When Farrell realized that THQ had grown beyond his capacity to manage it the old way, he hired Lapin, who'd been on the company's board of directors since 1995. The two men were good friends. Lapin had run many companies, but he'd never taken a job as second-in-command. He was independently wealthy and saw it as a personal challenge to come aboard and to see if he could make things work. The styles of the two men were instantly compatible. Farrell could remain soft-spoken and be the nice guy with the creative vision, and Lapin could play the role of "man in black," the one who teaches people how to narrow spans of control, how to hire key professionals, and how to put in place professional reporting systems and work processes. He came in and smote what had been a scrappy, quirky little street-fighter of a company -- and that company began to behave itself.

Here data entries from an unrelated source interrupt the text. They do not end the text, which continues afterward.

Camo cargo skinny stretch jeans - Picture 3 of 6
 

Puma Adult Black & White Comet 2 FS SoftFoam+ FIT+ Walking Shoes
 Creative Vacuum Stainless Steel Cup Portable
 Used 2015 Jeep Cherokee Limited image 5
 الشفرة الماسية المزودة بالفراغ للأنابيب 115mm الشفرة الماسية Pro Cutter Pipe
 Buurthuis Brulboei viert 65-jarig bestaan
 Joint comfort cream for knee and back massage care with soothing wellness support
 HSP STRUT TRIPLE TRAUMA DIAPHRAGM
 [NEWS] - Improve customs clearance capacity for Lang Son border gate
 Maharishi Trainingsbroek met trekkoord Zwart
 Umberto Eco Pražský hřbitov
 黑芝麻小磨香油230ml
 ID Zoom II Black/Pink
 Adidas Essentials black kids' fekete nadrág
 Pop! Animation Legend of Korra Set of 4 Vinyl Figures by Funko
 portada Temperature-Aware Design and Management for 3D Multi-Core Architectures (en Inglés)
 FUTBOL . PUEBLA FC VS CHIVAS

"With Jeff, we have more professional communication with employees, more meetings, more information flow," Farrell says. "We maintain discipline. We tell people to set out a plan, make a good one, and execute on it. Make the date. Make the date. Make the date. We tend to have fewer people doing the same task, and we ask those people to do more."

Lapin, Farrell's alter ego, sits in his own office, looking like the embodiment of the CEO's dark side. He wears a black shirt, which he leaves unbuttoned, wide open at the collar to show his chest hair. Lapin has hazel eyes and curly black hair: He has practically the same driver's license description as Jones -- but with a dark tan and a sensuous face, a playboy's face, the face of a Hollywood agent (even though he manages his company more as a Jesuit would). Jones summarizes Lapin in a few sentences: "A man who doesn't pull any punches. He's the bottom line. Need the truth? He's the man to go to."